(Extracted data entries)

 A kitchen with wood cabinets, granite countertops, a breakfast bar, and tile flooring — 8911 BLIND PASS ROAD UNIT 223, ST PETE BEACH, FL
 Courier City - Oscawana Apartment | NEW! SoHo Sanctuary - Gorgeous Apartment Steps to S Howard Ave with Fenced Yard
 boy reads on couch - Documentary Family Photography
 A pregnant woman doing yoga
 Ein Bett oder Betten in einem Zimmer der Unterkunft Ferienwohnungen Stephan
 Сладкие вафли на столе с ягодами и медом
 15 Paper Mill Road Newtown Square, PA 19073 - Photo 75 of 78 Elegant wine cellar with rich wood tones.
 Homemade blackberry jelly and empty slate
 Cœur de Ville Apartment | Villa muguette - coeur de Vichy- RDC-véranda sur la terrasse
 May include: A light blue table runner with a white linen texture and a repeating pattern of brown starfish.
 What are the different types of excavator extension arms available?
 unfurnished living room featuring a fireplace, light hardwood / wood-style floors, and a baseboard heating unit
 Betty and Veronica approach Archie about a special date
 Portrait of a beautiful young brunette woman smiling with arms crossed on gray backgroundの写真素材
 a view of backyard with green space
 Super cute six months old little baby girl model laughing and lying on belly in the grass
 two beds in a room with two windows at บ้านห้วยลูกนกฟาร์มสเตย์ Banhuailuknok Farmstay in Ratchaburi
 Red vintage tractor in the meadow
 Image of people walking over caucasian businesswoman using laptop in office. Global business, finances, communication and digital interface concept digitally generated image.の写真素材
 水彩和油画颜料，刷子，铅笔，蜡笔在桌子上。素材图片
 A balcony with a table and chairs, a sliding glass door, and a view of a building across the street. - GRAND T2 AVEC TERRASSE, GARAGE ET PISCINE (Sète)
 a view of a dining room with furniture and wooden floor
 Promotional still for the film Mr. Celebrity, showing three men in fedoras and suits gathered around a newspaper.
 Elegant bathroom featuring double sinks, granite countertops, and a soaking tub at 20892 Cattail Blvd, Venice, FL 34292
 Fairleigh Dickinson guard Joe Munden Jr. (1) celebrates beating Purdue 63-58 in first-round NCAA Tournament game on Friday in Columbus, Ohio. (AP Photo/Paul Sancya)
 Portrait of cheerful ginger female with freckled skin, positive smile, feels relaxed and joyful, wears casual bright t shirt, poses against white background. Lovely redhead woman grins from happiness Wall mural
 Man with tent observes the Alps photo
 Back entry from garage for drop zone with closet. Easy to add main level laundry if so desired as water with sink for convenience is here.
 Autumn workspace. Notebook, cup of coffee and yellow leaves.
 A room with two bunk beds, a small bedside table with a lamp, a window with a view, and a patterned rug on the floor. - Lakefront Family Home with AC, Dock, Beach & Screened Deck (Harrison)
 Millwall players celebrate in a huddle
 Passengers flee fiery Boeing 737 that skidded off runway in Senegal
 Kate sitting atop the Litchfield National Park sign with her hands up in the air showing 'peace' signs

_Requirement:_ Look above for the line holding "Ein Bett oder" and the line holding "a view of backyard with green space". Retype both, and every line between them, word for word and nothing else.

_Answer:_
 Ein Bett oder Betten in einem Zimmer der Unterkunft Ferienwohnungen Stephan
 Сладкие вафли на столе с ягодами и медом
 15 Paper Mill Road Newtown Square, PA 19073 - Photo 75 of 78 Elegant wine cellar with rich wood tones.
 Homemade blackberry jelly and empty slate
 Cœur de Ville Apartment | Villa muguette - coeur de Vichy- RDC-véranda sur la terrasse
 May include: A light blue table runner with a white linen texture and a repeating pattern of brown starfish.
 What are the different types of excavator extension arms available?
 unfurnished living room featuring a fireplace, light hardwood / wood-style floors, and a baseboard heating unit
 Betty and Veronica approach Archie about a special date
 Portrait of a beautiful young brunette woman smiling with arms crossed on gray backgroundの写真素材
 a view of backyard with green space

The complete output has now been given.